> _Description of the task_: The string "Apartment" appears in some lines of the entries that follow; copy each such line.

━━━━━ Provided material ━━━━━

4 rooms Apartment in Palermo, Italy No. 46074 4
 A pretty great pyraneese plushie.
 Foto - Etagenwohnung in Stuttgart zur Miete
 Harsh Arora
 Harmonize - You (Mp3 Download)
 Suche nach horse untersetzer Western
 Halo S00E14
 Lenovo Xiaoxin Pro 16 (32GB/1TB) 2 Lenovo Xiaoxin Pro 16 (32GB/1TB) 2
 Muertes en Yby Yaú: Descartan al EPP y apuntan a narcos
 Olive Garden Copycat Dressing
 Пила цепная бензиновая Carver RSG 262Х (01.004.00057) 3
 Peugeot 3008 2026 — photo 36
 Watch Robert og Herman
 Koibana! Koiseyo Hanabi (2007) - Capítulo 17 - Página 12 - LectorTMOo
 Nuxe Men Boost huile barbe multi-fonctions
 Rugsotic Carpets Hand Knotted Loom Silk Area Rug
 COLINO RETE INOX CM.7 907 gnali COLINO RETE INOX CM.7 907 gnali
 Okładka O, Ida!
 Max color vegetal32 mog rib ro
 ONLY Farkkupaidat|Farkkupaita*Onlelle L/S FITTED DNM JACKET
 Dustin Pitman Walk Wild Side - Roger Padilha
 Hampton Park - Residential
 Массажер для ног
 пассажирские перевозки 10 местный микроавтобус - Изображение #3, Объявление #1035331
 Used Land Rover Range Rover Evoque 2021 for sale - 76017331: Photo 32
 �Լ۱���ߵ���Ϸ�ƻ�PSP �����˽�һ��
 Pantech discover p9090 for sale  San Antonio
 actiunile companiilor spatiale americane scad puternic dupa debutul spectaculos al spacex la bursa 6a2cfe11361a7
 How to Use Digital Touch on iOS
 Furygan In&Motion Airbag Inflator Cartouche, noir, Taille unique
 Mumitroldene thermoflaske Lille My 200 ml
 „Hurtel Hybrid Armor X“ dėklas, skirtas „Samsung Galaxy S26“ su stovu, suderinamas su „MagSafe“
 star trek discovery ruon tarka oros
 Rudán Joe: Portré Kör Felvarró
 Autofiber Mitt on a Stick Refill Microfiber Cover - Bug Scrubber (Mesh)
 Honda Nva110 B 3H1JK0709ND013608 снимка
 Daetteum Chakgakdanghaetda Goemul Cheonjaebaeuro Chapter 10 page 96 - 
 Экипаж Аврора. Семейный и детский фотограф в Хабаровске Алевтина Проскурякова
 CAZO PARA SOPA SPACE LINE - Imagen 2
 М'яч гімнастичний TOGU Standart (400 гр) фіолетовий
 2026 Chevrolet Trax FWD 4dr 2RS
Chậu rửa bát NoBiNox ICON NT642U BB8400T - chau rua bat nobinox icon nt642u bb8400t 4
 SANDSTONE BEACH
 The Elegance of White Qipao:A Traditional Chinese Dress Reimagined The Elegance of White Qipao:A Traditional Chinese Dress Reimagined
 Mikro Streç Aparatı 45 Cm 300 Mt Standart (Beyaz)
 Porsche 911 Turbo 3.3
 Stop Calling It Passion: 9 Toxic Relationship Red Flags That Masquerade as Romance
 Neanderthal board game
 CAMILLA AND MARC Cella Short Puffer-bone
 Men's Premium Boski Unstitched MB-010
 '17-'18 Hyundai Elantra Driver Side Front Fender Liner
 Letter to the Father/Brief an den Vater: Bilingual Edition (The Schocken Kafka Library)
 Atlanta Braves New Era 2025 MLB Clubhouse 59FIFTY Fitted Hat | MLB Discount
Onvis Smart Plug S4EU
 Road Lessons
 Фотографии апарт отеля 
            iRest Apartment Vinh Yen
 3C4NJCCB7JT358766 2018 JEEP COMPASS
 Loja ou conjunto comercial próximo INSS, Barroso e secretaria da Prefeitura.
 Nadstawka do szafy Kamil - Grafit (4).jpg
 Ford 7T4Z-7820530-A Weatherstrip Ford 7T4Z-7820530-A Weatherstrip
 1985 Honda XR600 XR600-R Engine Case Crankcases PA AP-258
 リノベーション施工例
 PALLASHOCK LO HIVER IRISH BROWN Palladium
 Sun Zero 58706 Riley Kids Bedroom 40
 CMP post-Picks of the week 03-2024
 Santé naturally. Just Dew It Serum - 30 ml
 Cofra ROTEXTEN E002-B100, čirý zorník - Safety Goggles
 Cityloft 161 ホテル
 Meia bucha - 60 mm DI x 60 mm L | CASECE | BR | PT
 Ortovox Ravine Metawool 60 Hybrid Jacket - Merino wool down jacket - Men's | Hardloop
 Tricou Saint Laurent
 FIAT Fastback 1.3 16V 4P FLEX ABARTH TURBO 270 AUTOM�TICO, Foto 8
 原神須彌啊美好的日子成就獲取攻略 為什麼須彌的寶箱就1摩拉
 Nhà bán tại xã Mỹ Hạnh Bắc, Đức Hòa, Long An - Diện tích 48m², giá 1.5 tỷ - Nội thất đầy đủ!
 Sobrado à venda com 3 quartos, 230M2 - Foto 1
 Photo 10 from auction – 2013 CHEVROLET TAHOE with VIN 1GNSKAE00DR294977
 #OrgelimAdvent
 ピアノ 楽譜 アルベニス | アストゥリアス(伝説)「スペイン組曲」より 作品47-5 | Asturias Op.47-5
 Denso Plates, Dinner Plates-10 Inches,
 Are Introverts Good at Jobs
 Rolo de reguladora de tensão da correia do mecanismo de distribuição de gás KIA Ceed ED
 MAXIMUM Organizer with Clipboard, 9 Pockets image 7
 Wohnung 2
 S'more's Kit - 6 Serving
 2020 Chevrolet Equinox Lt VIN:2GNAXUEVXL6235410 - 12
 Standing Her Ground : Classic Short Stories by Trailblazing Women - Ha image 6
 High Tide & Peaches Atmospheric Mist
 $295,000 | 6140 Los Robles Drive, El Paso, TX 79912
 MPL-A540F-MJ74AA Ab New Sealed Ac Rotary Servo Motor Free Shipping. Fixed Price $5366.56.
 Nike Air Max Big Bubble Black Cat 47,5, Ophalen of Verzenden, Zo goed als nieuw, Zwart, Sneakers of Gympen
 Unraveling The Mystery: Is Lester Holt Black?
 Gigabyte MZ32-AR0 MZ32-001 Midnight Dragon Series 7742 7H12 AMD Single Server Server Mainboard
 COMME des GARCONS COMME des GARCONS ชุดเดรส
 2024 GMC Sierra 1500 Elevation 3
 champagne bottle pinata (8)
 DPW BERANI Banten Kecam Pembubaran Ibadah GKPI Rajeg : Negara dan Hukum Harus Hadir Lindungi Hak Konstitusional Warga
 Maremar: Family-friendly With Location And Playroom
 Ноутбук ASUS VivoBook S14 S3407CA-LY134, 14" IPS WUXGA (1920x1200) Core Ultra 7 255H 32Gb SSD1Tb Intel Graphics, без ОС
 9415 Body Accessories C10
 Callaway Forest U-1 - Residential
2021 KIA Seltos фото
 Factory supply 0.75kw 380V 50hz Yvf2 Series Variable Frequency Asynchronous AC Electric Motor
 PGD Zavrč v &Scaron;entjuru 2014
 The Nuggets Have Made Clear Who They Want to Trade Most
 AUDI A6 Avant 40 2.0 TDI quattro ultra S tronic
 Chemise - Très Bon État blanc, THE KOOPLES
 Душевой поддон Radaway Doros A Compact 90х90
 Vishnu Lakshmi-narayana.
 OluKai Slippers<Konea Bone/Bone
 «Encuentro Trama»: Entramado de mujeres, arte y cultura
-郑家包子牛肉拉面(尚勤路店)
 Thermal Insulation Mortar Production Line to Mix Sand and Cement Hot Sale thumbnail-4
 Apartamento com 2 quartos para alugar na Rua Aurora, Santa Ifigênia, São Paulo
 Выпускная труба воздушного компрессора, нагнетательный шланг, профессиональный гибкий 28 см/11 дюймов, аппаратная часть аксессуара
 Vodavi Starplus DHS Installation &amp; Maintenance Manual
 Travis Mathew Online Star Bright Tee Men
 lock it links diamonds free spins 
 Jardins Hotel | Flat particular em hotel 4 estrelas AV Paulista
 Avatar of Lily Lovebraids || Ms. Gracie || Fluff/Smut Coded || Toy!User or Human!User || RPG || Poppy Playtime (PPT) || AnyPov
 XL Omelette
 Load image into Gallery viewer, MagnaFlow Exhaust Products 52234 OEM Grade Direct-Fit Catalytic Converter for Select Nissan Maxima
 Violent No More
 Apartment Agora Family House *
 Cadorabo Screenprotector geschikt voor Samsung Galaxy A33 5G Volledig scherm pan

━━━━━

> _Task output_:
4 rooms Apartment in Palermo, Italy No. 46074 4
            iRest Apartment Vinh Yen
 Apartment Agora Family House *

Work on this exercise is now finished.